The answer must repeat every record exactly, with no pictures in it.
┌──
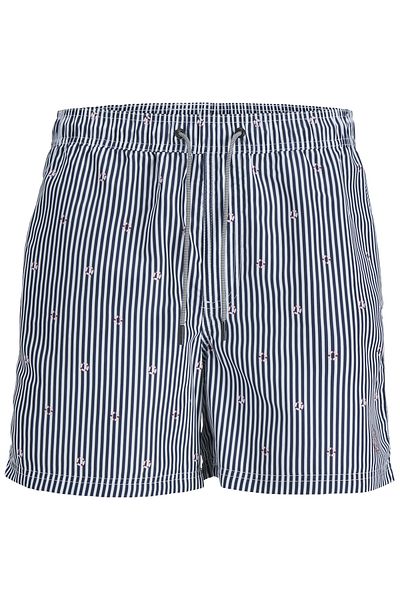 Jack & Jones Badehose FIJI SMALL STRIPES Schwimm-Shorts
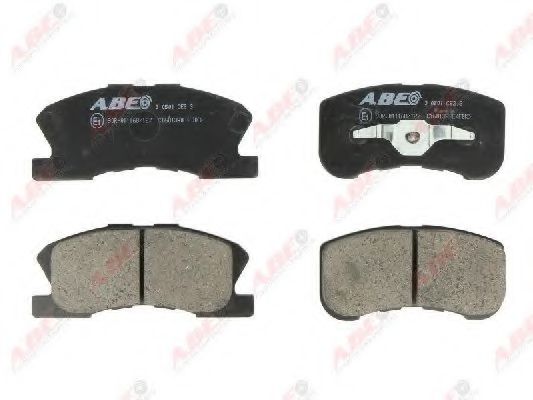 Тормозные колодки ABE C16013ABE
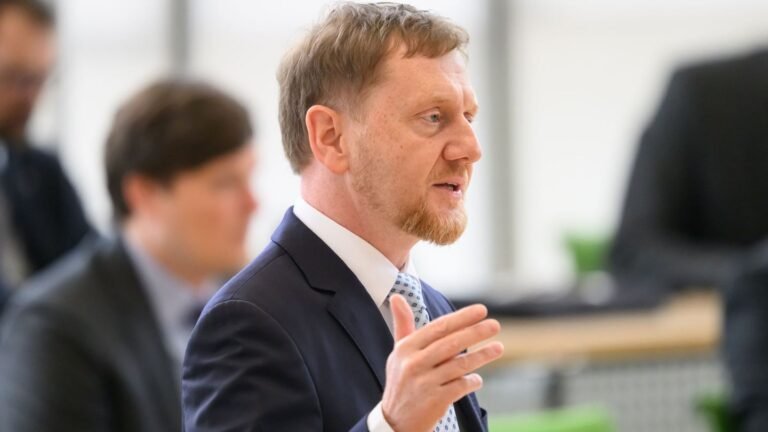 Reformdebatte: Kretschmer warnt vor Folgen zögerlicher Reformpolitik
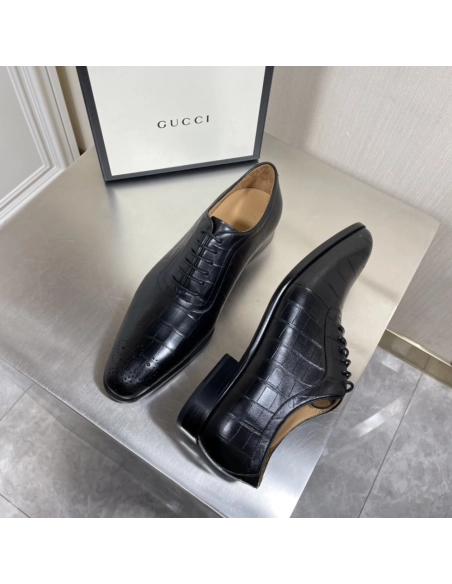Gucci leather shoes 119,GUCCI SHOES,Business Shoes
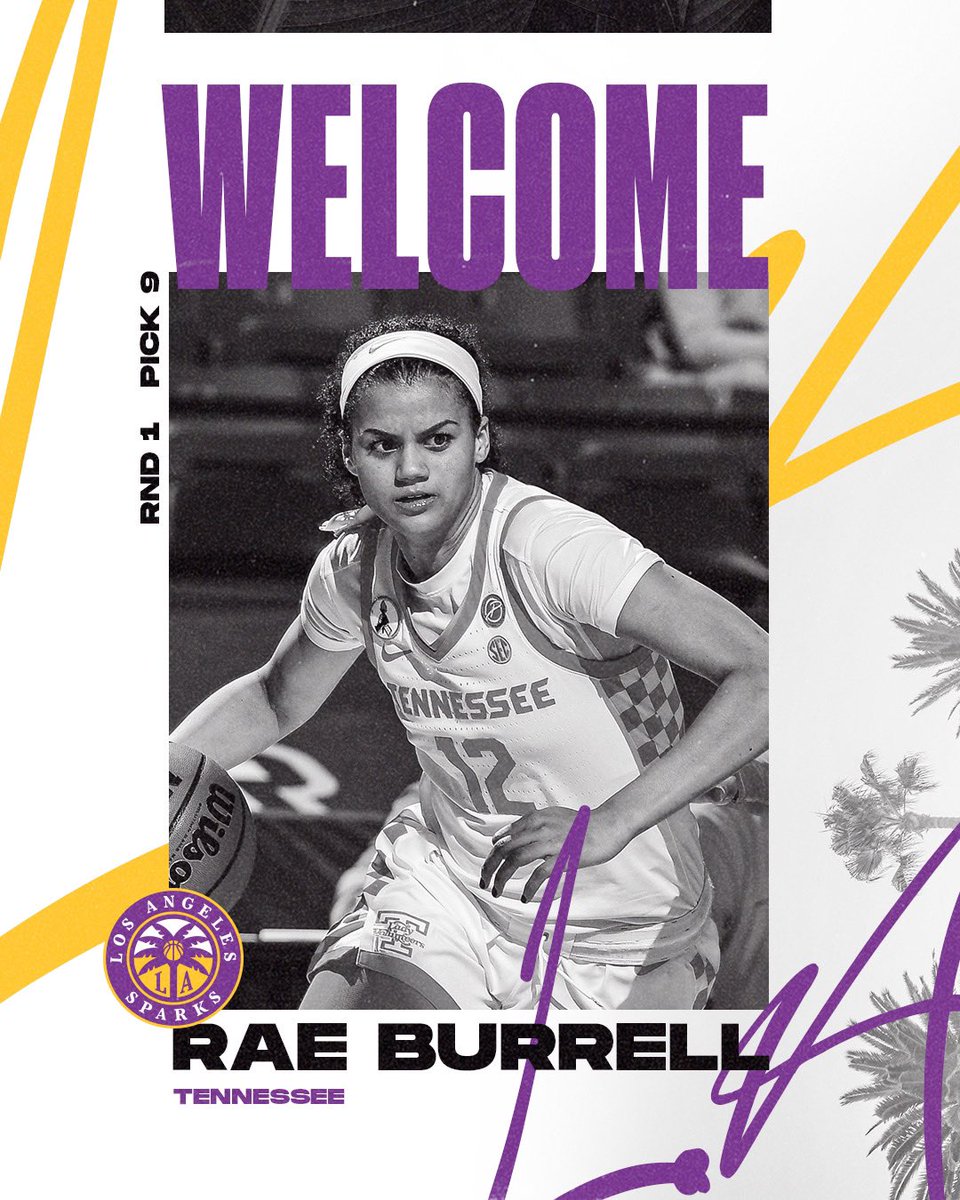 LASparks's tweet photo. Welcome to LA, Rae! https://t.co/cLtyzrjy1o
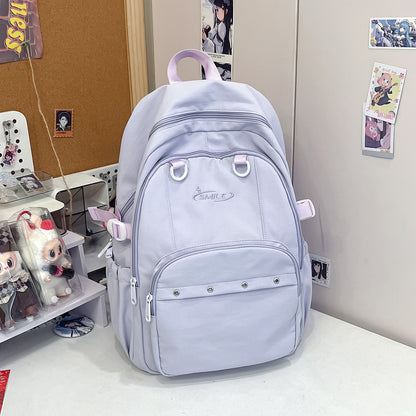 Stylische Mehrfachfach-Rucksack Brehn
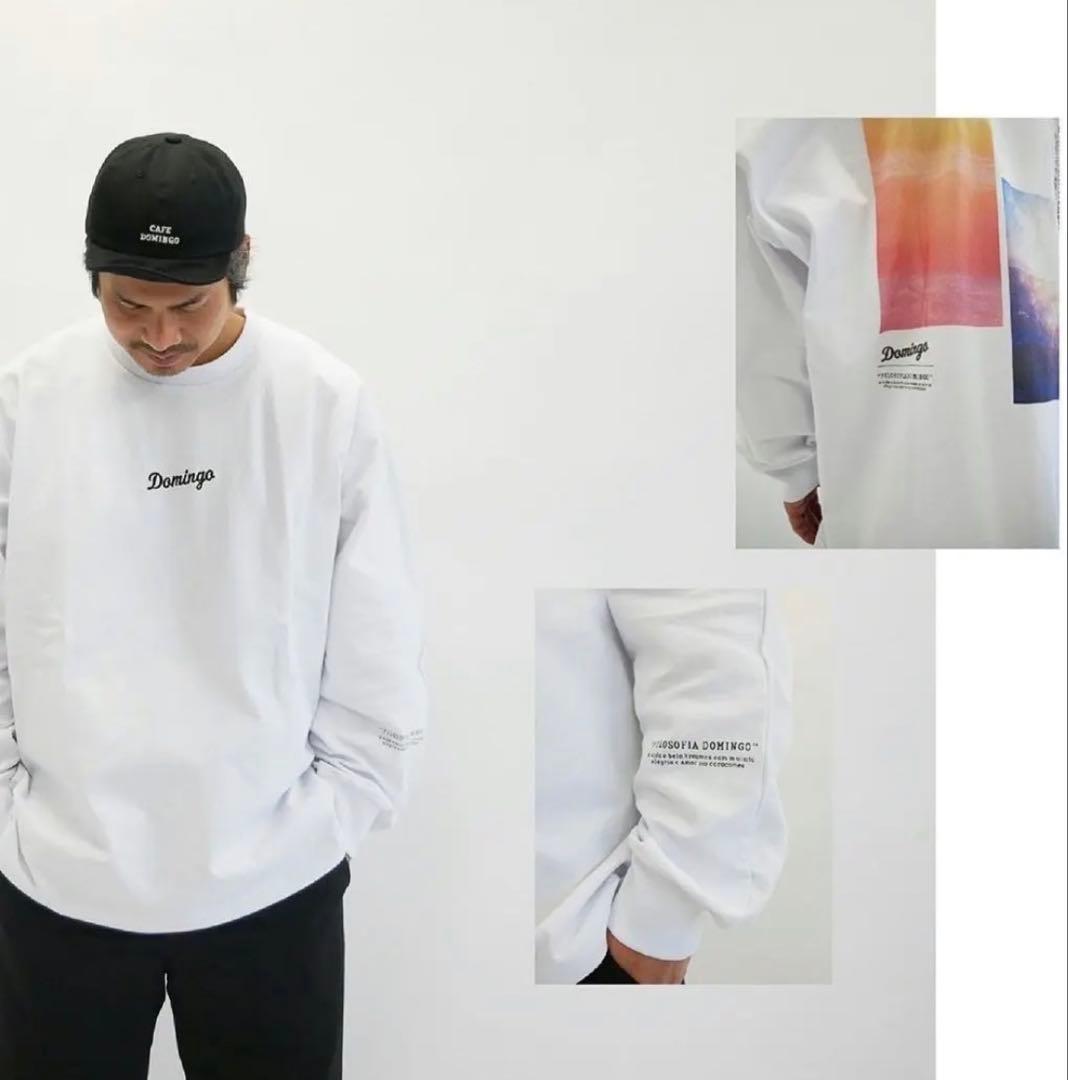 新品　LUZeSOMBRA / Domingo　フォトロングT　白　Ｌ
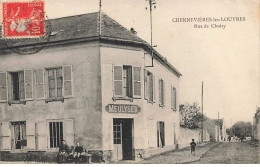 CHENNEVIERES-LES-LOUVRES - Rue De Choisy - Maison Meulyser - Autres & Non Classés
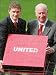 Photo Jigsaw 16x12 (40x30cm) Manchester United launch Opus book by Manchester United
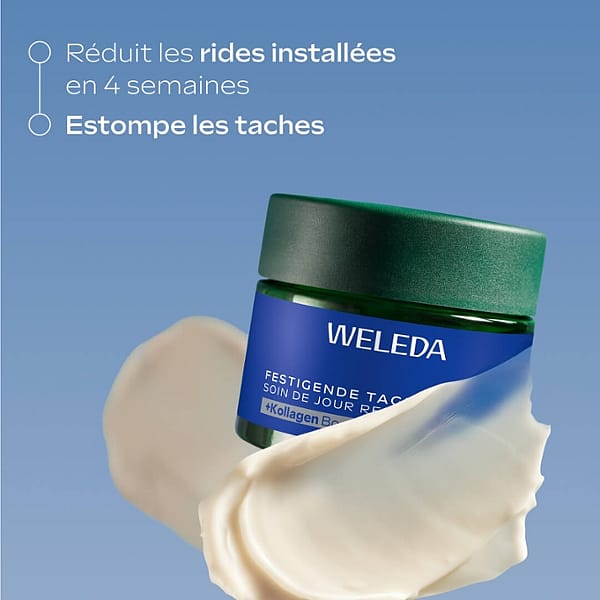 Crème de jour Gentiane bleue et Edelweiss : réduit les rides installées en 4 semaines. Estompe les tâches.
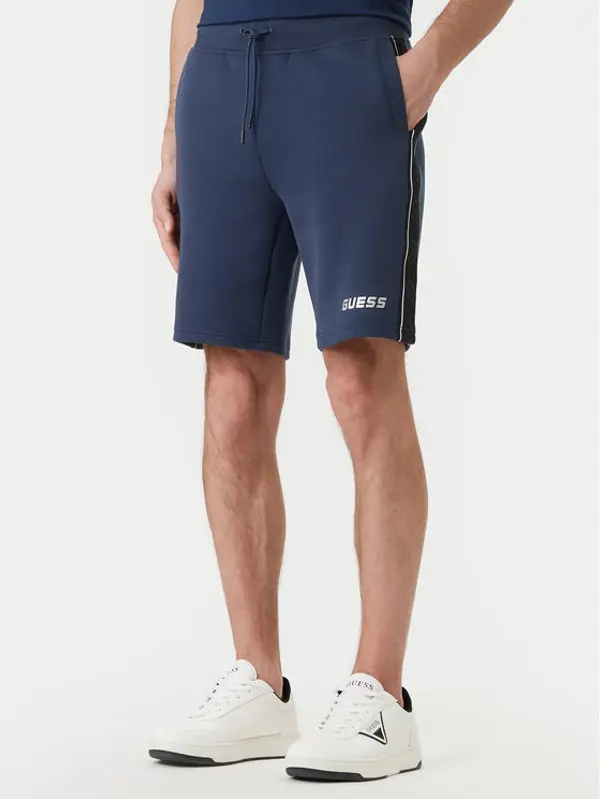Guess Guess Sportske kratke hlače Z4RD04 KB3P2 Tamnoplava Regular Fit
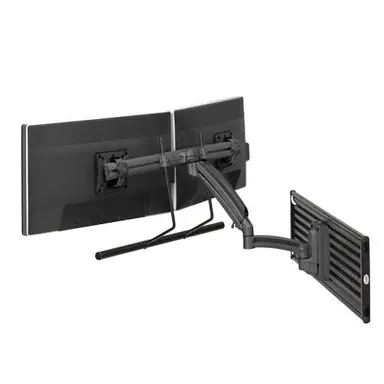 Chief Manufacturing Legrand-Chief Kontour K1S Dynamic Slatwall Mount Dual Monitor Array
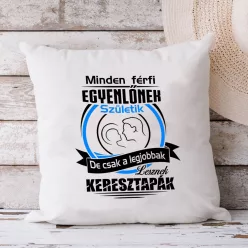 Párna_keresztapának_Ajándék_keresztapáknak_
└──
## SOLUTION
 Jack & Jones Badehose FIJI SMALL STRIPES Schwimm-Shorts
 Тормозные колодки ABE C16013ABE
 Reformdebatte: Kretschmer warnt vor Folgen zögerlicher Reformpolitik
Gucci leather shoes 119,GUCCI SHOES,Business Shoes
 LASparks's tweet photo. Welcome to LA, Rae! https://t.co/cLtyzrjy1o
 Stylische Mehrfachfach-Rucksack Brehn
 新品　LUZeSOMBRA / Domingo　フォトロングT　白　Ｌ
 CHENNEVIERES-LES-LOUVRES - Rue De Choisy - Maison Meulyser - Autres & Non Classés
 Photo Jigsaw 16x12 (40x30cm) Manchester United launch Opus book by Manchester United
 Crème de jour Gentiane bleue et Edelweiss : réduit les rides installées en 4 semaines. Estompe les tâches.
Guess Guess Sportske kratke hlače Z4RD04 KB3P2 Tamnoplava Regular Fit
 Chief Manufacturing Legrand-Chief Kontour K1S Dynamic Slatwall Mount Dual Monitor Array
 Párna_keresztapának_Ajándék_keresztapáknak_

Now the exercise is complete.